Key reforms include revising the nation’s approach to pricing insurance for flood protection and reducing existing subsidies of electricity, water, and agricultural commodities (including crop price supports and other distortions in trade policy). Getting incentives right provides a host of benefits that can enable government, resource managers, and consumers to respond more readily to climate change.
Institutions
Adapting to a changing climate is often thought to be local, in that most actions, such as protecting coastal shorelines or sheltering persons during hurricanes, are executed by subnational governments. Yet the federal government can take many steps to improve management efforts and expand the capacity for local governments to act, particularly by coordinating efforts across jurisdictions, and employing innovative options to improve national regulations and management systems for resources such as water and lands, as well as public goods like infrastructure and public health.
Getting incentives right provides a host of benefits that can enable government, resource managers, and consumers to respond more readily to climate change.
Institutional reforms that may be needed include the establishment of ocean governance practices through planning and allocating use rights, forming state and federal institutions for transboundary governance of watersheds, and coordinating regional efforts in managing land (such as protecting wildlife corridors). The federal government can play an additional role in promoting coordination between state and local agencies in long-term planning for water scarcity (for example, by providing deep reservoir storage).

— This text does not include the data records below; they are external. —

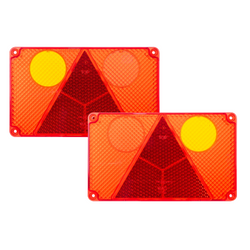 Kryty zadních světel WAŚ W21L+W21P levé+pravé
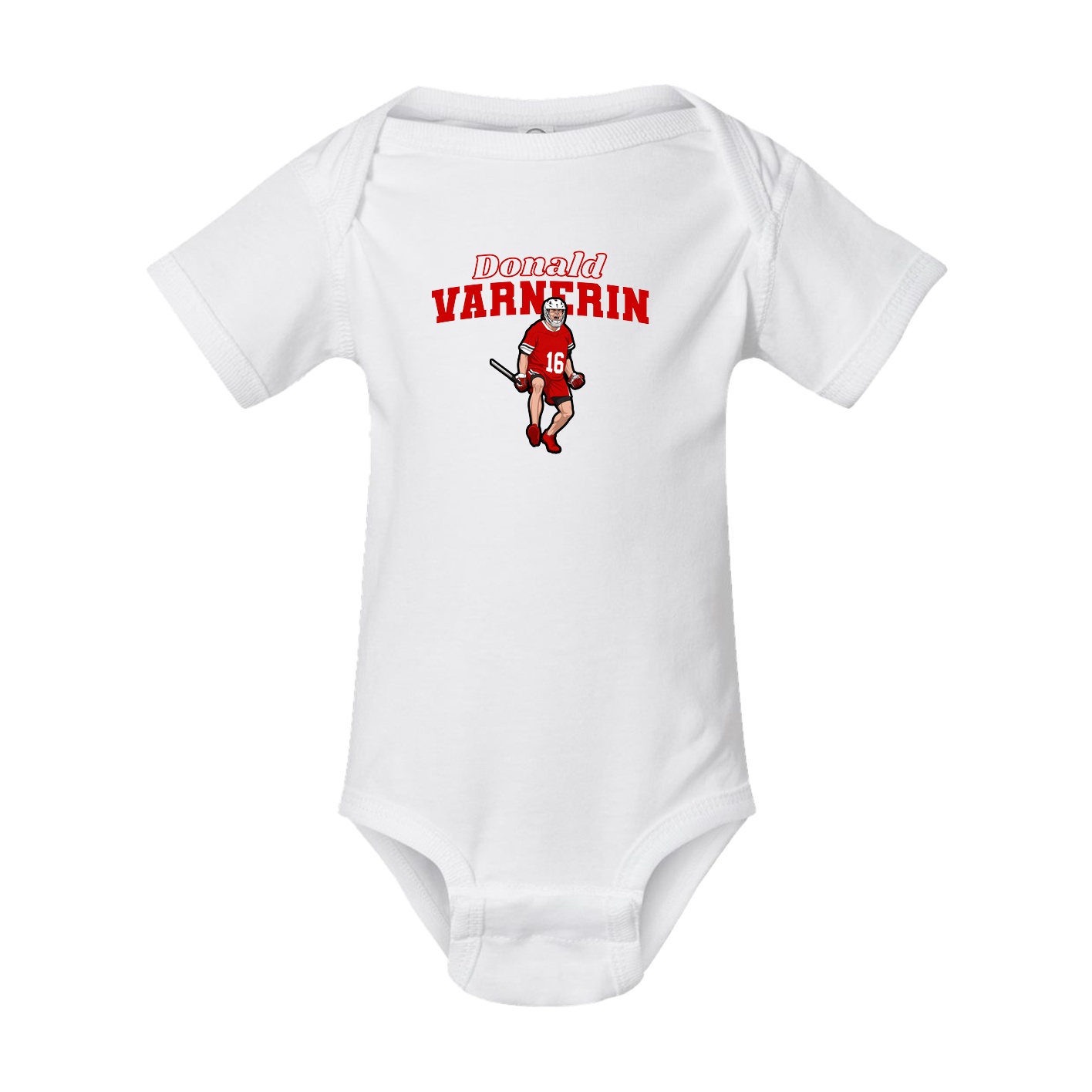 Baby Onesie — Name Arch in White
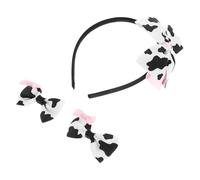 VANZACK Boy Girl's Headband Kawaii Cow Print Hair Bow Clips Headbands for Girls Boy Hair Accessories Bows for Parties Photography Prop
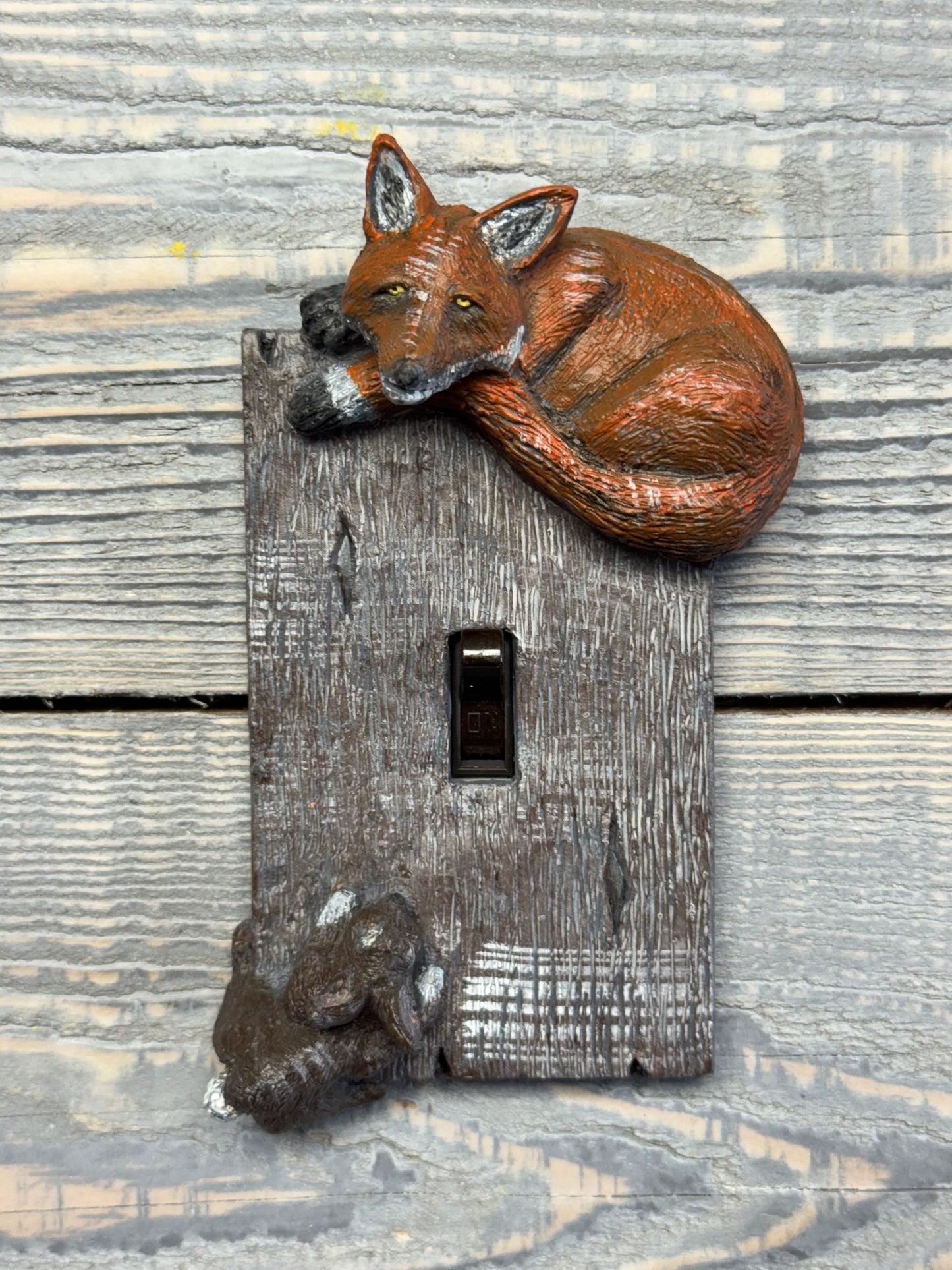 Fox Toggle Switch Plate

Information and Managing Extremes
As the climate baseline shifts, events that were once considered extreme and rare are expected by many scientists to be likely to occur with greater frequency and stronger intensity. If so, formerly reliable buffers against severe events like hurricanes, floods, and droughts could become less effective. Similarly, historical benchmarks would no longer provide useful guidance for at-risk communities to adjust to new climate patterns. New and better information about the likelihood and extent of these effects can help decisionmakers steer resources toward their most effective use. The supply of information, including that required to enable the public to anticipate extreme events, has long been a role of government. Climate scientists at present collect massive amounts of data on the ground as well as from satellites, aircraft, and ocean buoys to model and measure the physical properties of Earth’s climate; evaluating these data and enhancing them to support decisionmaking for adaptation will be critical. These observing stations can also help to provide “early warning” of possible climate tipping points or abrupt climate changes.
Adaptation policies, in some cases, may also be contentious as regions and demographic groups experience different effects. For example, extreme long-term drought in the Southwest or Southeast may lead to water-rationing that generates significant controversy. Low income communities can be vulnerable to the effects of extreme weather events yet often lack capacity to adapt. Also, sea level rise may eventually overwhelm urban areas such that people will need to relocate and infrastructure will be abandoned. Enhancing national resiliency to a changing climate, then, requires both more effective incentives, institutions, and information, and a means to balance inevitable distributional effects.